>>>>

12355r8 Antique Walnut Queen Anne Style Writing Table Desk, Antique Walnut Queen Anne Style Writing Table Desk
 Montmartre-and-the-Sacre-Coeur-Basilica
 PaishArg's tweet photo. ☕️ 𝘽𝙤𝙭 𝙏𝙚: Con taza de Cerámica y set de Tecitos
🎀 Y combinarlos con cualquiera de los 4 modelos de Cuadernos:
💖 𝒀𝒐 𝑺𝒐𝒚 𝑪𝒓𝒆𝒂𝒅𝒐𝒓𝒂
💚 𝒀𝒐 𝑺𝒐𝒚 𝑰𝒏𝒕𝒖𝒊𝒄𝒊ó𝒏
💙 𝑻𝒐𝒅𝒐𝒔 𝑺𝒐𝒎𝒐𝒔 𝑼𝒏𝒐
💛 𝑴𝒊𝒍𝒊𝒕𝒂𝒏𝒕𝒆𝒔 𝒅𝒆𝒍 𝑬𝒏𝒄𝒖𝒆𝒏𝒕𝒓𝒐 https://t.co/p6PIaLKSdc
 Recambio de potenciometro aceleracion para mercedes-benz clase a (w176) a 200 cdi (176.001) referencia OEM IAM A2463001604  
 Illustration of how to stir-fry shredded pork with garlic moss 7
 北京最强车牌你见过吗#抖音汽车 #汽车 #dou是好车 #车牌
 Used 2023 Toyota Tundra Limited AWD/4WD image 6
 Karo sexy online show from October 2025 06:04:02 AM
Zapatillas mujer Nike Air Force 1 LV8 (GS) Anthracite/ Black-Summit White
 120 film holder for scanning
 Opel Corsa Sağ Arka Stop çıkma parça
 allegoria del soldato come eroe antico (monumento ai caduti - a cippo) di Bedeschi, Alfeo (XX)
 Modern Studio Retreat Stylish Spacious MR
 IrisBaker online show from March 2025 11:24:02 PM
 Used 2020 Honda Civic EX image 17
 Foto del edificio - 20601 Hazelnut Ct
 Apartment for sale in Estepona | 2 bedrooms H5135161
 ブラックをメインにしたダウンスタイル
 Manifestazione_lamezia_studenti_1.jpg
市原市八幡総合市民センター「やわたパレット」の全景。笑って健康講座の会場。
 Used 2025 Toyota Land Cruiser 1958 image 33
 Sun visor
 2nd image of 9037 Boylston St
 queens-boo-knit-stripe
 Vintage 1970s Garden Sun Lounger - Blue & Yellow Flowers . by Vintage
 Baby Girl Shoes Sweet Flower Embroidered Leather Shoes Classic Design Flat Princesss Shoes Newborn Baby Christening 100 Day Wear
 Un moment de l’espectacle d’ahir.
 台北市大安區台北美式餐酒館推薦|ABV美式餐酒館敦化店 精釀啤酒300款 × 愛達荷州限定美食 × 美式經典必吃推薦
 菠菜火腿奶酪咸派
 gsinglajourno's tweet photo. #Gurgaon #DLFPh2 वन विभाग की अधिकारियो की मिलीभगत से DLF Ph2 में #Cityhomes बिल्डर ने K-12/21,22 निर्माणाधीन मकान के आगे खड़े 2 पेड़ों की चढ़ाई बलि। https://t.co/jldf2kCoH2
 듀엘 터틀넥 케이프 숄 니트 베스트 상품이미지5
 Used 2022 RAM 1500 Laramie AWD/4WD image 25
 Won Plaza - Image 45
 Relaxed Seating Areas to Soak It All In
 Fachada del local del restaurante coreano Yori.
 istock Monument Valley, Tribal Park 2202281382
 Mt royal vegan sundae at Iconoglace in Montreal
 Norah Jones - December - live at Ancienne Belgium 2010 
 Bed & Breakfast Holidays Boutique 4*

<<<<

* TASK DESCRIPTION *
Lines above with "https" in them are the ones to copy.

* THE COMPLETED TASK *
💛 𝑴𝒊𝒍𝒊𝒕𝒂𝒏𝒕𝒆𝒔 𝒅𝒆𝒍 𝑬𝒏𝒄𝒖𝒆𝒏𝒕𝒓𝒐 https://t.co/p6PIaLKSdc
 gsinglajourno's tweet photo. #Gurgaon #DLFPh2 वन विभाग की अधिकारियो की मिलीभगत से DLF Ph2 में #Cityhomes बिल्डर ने K-12/21,22 निर्माणाधीन मकान के आगे खड़े 2 पेड़ों की चढ़ाई बलि। https://t.co/jldf2kCoH2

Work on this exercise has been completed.